Joan S. Brugge, PhD

2009-2010 BCRF Project:
(made possible by generous support from Cartier)

During the last year, the Brugge laboratory has identified a novel mechanism for generation of tumor cells with genomic instability, a hallmark of cancer. This mechanism involves a process that they recently described called entosis, or cell-in-cell formation, in which one cell invades into another. Entosis can lead to genomic stability if the host tumor cell attempts division when another cell is contained within it; the internalized cell prevents the cleavage furrow from successfully separating the two daughter cells, and leads to multinucleation, a process that can promote incorrect segregation of chromosomes.

In addition Dr. Brugge and colleagues have made progress on three other BCRF funded projects involving studies of cancer stem cells and tumor cell invasion. During the coming year, they will continue to pursue ongoing laboratory studies to translate basic findings from their investigations of mammary cell differentiation, cell migration/invasion, and oncogenes to human tumorigenesis and treatment.

Mid-Year Progress Report:
The Brugge laboratory is investigating cellular processes that are involved in cancer progression. In one project, the researchers are studying a recently identified gene,YAP1, that is altered in human cancers. They have discovered a previously unrecognized function for this gene in regulating the final step in cell division, cytokinesis, and have elucidated key steps in this event that are regulated by YAP.
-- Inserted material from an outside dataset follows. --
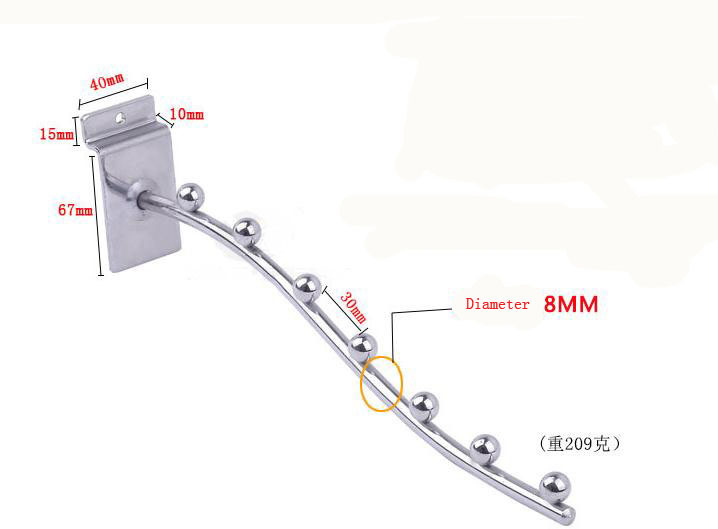 Chrome Plating Slatwall 8mm Diameter Metal Display Hook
A second project involves studies of a protein, PDEF, which is one of the most commonly upregulated genes in human breast tumors. The researchers have found that this gene can regulate the differentiation of breast cells in culture and are examining if and how this activity regulates normal breast development and how alterations in its expression contribute to breast tumorigenesis.

Lastly, they are studying genes involved in regulating the invasive behavior of tumor cells and recently found that alterations in the mode of actin polymerization through manipulations of key actin assembly factors can trigger invasive behavior in non-invasive tumor cells.

Bio:
Joan Brugge joined the faculty of the Department of Cell Biology at Harvard Medical School in July 1997 and became the Chair of this department in 2004. A graduate of Northwestern University, she did her graduate work at the Baylor College of Medicine, completing her PhD in 1975. During her postdoctoral training at the University of Colorado she isolated the protein coded for the viral and cellular forms of the src gene. These proteins were the first viral/cellular oncogene products to be identified, and the study of the normal and oncogenic forms of this gene product has served as a model system to investigate cellular processes that regulate normal growth and the mechanisms involved in tumor formation.

In the 15 years since that discovery, Dr. Brugge has held full professorships at the State University of New York, Stony Brook, and the University of Pennsylvania, where she was also named as an investigator at the Howard Hughes Medical Institute. In 1992 Dr. Brugge left academia to help found a new company, ARIAD, to focus on research aimed at developing new drugs for asthma and allergy, cystic fibrosis, cancer, and other diseases that result from cellular regulation gone awry.

Dr. Brugge has received several awards recognizing her scientific accomplishments including an NIH Merit Award, an American Cancer Society Research Professorship and the Senior Career Recognition Award from the American Society of Cell Biology, and she has been elected to the American Academy of Arts and Sciences, the National Academy of Sciences and the Institute of Medicine.